Adding custom vector documents using that mapping object:

Unstructured Index

# Random vectors for example purposes. replace these with your own.
example_vector_1 = [i for i in range(512)]
example_vector_2 = [1 / (i + 1) for i in range(512)]

# Create the unstructured index
mq = marqo.Client("http://localhost:8882", api_key=None)
settings = {
    "type": "unstructured",
    "model": "open_clip/ViT-B-32/laion2b_s34b_b79k",
}
mq.create_index("my-custom-vector-index", settings_dict=settings)

# Add the custom vectors
mq.index("my-custom-vector-index").add_documents(
    documents=[
        {
            "_id": "doc1",
            "my_custom_audio_vector_1": {
                # Put your own vector (of correct length) here.
                "vector": example_vector_1,
                "content": "Singing audio file",
            },
        },
        {
            "_id": "doc2",
            "my_custom_audio_vector_2": {
                # Put your own vector (of correct length) here.
                "vector": example_vector_2,
                "content": "Podcast audio file",
            },
        },
    ],
    tensor_fields=["my_custom_audio_vector_1", "my_custom_audio_vector_2"],
    mappings=my_mappings,
)

For Marqo Cloud, you will need to access the endpoint of your index and replace your_endpoint with this. To do this, visit Find Your Endpoint. You will also need your API Key. To obtain this key visit Find Your API Key.

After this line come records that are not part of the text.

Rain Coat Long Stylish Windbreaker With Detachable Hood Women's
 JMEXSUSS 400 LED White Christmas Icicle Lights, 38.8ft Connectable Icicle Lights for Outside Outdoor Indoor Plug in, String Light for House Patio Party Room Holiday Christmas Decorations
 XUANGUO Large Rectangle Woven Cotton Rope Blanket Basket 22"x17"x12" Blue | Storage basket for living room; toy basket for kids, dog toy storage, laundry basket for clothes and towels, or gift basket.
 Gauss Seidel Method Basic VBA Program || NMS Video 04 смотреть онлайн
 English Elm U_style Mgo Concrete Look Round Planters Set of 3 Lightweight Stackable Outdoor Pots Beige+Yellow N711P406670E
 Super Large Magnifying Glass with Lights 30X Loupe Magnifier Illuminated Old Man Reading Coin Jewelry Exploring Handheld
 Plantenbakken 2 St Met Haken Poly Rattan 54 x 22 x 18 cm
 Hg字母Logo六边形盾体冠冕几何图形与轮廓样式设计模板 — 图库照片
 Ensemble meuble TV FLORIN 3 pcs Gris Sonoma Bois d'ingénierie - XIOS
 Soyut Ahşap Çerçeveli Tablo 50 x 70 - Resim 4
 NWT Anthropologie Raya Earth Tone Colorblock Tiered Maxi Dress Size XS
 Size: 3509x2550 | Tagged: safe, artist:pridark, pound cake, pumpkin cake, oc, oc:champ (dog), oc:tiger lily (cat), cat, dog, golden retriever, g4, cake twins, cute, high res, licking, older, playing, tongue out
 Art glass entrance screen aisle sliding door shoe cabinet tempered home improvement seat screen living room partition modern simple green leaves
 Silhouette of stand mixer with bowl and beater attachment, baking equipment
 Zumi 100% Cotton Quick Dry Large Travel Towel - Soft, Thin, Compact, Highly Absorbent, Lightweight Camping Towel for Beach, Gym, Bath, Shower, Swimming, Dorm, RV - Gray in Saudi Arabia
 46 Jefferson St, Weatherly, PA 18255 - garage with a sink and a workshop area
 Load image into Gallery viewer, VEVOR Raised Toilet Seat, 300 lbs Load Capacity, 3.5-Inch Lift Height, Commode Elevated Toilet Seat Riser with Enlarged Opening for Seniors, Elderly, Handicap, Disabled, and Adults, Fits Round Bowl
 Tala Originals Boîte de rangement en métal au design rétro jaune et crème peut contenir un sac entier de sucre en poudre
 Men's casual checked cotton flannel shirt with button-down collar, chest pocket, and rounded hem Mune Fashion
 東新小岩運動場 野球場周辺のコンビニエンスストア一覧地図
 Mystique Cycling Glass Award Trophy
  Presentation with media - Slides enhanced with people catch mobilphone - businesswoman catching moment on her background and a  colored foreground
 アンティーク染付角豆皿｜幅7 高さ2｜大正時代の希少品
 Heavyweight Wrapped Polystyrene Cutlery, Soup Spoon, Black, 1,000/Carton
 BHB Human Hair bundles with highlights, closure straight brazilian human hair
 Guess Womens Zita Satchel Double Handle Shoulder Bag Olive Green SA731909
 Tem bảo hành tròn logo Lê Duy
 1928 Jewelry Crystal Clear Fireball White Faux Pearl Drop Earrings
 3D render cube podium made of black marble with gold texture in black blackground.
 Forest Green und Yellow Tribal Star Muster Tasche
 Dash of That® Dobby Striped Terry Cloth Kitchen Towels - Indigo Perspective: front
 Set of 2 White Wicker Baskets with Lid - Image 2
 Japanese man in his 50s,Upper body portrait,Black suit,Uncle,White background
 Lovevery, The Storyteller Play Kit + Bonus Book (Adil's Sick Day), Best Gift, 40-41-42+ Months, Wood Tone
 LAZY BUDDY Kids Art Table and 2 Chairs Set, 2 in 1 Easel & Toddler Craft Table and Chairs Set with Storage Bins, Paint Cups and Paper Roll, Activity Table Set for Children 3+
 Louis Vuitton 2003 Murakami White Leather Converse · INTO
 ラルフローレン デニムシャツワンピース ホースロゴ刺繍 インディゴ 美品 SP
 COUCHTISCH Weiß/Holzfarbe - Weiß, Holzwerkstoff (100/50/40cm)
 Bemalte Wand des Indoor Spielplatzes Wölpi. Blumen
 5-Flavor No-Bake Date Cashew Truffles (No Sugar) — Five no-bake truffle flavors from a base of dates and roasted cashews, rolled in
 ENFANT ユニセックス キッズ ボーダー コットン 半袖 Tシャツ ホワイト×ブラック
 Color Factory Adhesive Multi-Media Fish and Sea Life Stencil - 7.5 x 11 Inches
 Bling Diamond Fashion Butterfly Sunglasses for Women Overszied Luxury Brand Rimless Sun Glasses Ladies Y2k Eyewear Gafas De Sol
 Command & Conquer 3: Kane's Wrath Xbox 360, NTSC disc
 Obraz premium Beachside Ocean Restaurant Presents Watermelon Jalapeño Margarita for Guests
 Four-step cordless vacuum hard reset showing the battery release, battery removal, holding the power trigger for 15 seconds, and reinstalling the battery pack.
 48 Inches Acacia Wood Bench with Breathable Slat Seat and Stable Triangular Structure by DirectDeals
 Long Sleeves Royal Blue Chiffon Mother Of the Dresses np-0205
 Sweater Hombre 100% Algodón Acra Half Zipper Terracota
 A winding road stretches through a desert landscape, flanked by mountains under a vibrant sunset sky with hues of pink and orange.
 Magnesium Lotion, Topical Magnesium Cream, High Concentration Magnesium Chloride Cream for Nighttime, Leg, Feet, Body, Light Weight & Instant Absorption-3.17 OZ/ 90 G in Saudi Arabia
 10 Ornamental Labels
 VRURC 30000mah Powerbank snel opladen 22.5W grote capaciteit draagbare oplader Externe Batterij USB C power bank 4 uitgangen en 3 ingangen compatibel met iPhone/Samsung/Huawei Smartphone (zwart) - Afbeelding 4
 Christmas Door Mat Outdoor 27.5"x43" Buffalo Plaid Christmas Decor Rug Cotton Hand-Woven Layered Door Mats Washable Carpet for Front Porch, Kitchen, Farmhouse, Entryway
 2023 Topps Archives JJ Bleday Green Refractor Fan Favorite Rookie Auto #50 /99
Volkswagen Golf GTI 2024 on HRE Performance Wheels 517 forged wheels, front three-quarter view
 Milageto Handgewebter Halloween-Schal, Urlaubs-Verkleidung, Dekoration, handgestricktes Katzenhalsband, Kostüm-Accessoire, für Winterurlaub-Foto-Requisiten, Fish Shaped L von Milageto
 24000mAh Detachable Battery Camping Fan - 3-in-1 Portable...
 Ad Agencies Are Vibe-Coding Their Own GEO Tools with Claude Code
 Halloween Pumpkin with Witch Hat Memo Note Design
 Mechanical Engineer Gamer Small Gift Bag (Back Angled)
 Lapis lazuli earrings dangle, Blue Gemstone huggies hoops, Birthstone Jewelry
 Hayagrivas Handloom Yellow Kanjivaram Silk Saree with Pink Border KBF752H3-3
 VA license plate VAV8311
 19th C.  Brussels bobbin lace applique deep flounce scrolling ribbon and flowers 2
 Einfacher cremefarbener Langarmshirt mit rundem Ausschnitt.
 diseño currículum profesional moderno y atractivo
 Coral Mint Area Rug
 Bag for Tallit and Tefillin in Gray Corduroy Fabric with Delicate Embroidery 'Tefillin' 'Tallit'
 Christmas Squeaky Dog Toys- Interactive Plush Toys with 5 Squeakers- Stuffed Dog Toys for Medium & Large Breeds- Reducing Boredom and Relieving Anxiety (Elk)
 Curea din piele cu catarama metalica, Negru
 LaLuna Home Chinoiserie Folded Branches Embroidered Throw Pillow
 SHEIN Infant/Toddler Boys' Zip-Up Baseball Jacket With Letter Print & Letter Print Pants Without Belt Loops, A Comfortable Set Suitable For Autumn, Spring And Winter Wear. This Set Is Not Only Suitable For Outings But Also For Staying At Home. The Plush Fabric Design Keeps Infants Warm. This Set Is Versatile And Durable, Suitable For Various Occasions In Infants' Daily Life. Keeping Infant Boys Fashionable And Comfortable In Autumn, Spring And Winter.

# Random vectors for example purposes. replace these with your own.
example_vector_1 = [i for i in range(512)]
example_vector_2 = [1 / (i + 1) for i in range(512)]

# Create the unstructured index
mq = marqo.Client("https://api.marqo.ai", api_key="XXXXXXXXXXXXXXX")
settings = {
    "type": "unstructured",
    "model": "open_clip/ViT-B-32/laion2b_s34b_b79k",
}
mq.create_index("my-custom-vector-index", settings_dict=settings)

# Add the custom vectors
mq.index("my-custom-vector-index").add_documents(
    documents=[
        {
            "_id": "doc1",
            "my_custom_audio_vector_1": {
                # Put your own vector (of correct length) here.
                "vector": example_vector_1,
                "content": "Singing audio file",
            },
        },
        {
            "_id": "doc2",
            "my_custom_audio_vector_2": {
                # Put your own vector (of correct length) here.
                "vector": example_vector_2,
                "content": "Podcast audio file",
            },
        },
    ],
    tensor_fields=["my_custom_audio_vector_1", "my_custom_audio_vector_2"],
    mappings=my_mappings,
)

Structured Index

# Random vectors for example purposes. replace these with your own.
example_vector_1 = [i for i in range(512)]
example_vector_2 = [1 / (i + 1) for i in range(512)]

# Create the structured index
mq = marqo.Client("http://localhost:8882", api_key=None)
settings = {
    "type": "structured",
    "model": "open_clip/ViT-B-32/laion2b_s34b_b79k",
    "allFields": [
        {"name": "my_custom_audio_vector_1", "type": "custom_vector"},
        {"name": "my_custom_audio_vector_2", "type": "custom_vector"},
    ],
    "tensorFields": ["my_custom_audio_vector_1", "my_custom_audio_vector_2"],
}
mq.create_index("my-structured-custom-vector-index", settings_dict=settings)

# Add the custom vectors
mq.index("my-structured-custom-vector-index").add_documents(
    documents=[
        {
            "_id": "doc1",
            "my_custom_audio_vector_1": {
                # Put your own vector (of correct length) here.
                "vector": example_vector_1,
                "content": "Singing audio file",
            },
        },
        {
            "_id": "doc2",
            "my_custom_audio_vector_2": {
                # Put your own vector (of correct length) here.
                "vector": example_vector_2,
                "content": "Podcast audio file",
            },
        },
    ]
)

For Marqo Cloud, you will need to access the endpoint of your index and replace your_endpoint with this. To do this, visit Find Your Endpoint. You will also need your API Key. To obtain this key visit Find Your API Key.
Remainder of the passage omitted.